I love all of John Greengo's classes. Now he is a Canon man but he gives the Nikons a fair review and his lessons on them are excellent. I have the Z6 and I picked up a several pointers I had not run across yet, so this course has paid for itself already. The only negative I have, and hopefully this is because the course was streaming, but the camera focus was off when the video was zoomed into the Z camera. John may need to give the creative live camera operators a lesson on focusing. Great informative course at an excellent price.


Thank you very much, John! I've been using Z 6 for 18 months, so far, and now I've got Z 6 II as well and your training about these cameras is just an excellent job.

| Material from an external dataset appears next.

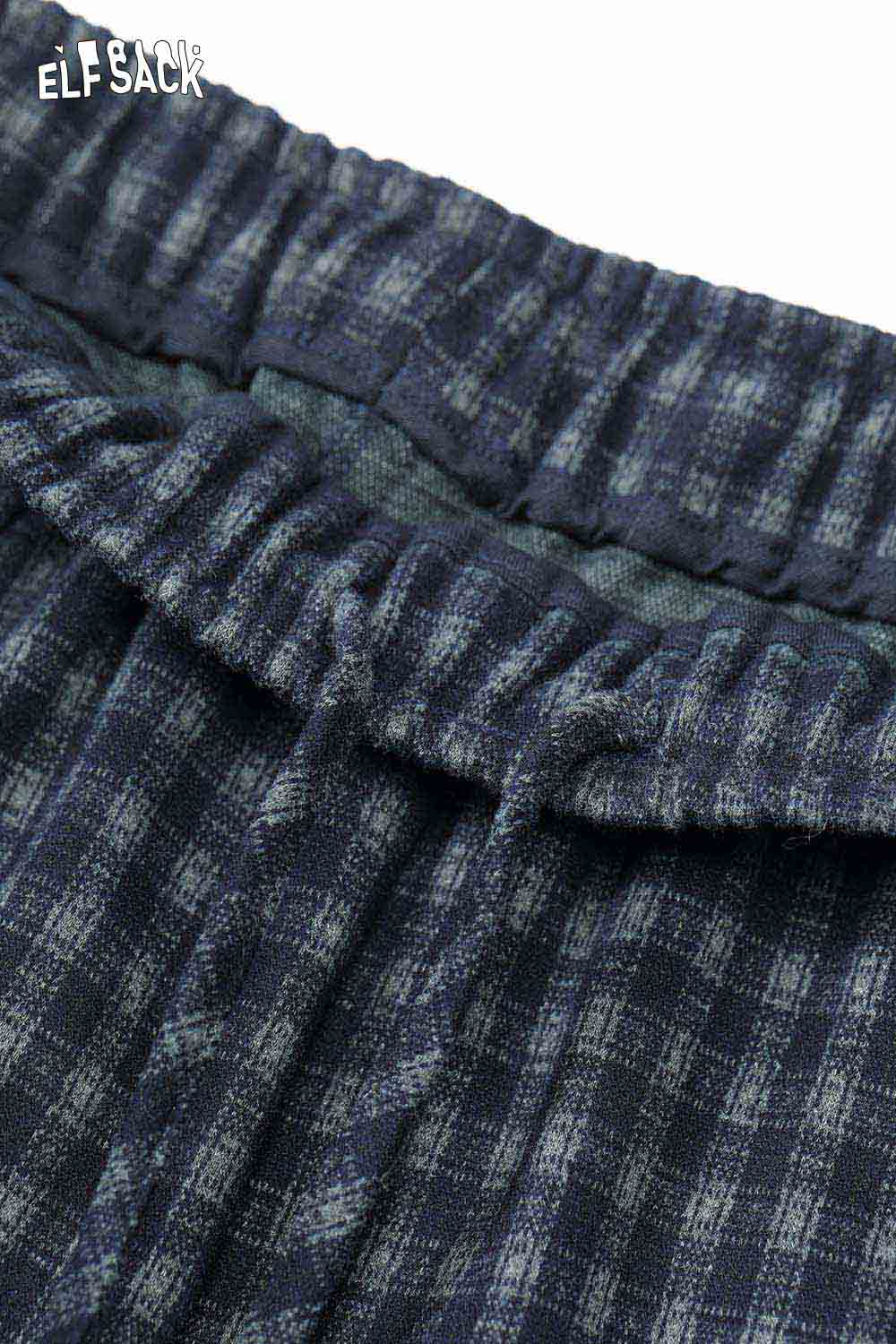 ELFSACK Loose Relaxed Casual Vintage Plaid Wide Leg Pants Trousers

Of course I've been following you in other trainings as well, like "Photography Fundamentals" (or something like that) and I've got some of your books too, all excellent, but with this Z 6/7 training have been useful to learn some new things and to remember others already forgotten. Thanks a lot!.

Lynn Fisher

Loved the class. Just bought the Z6ii (waiting for it to ship) , so this is a great introduction. Would greatly appreciate it if John could add one more chapter to this class - Tell us about the Z6ii and Z7ii updates. It seems Nikon has addressed a lot of the concerns (particularly 2 card slots), so it might be very helpful for folks trying to decide on which camera to buy. Thanks!!!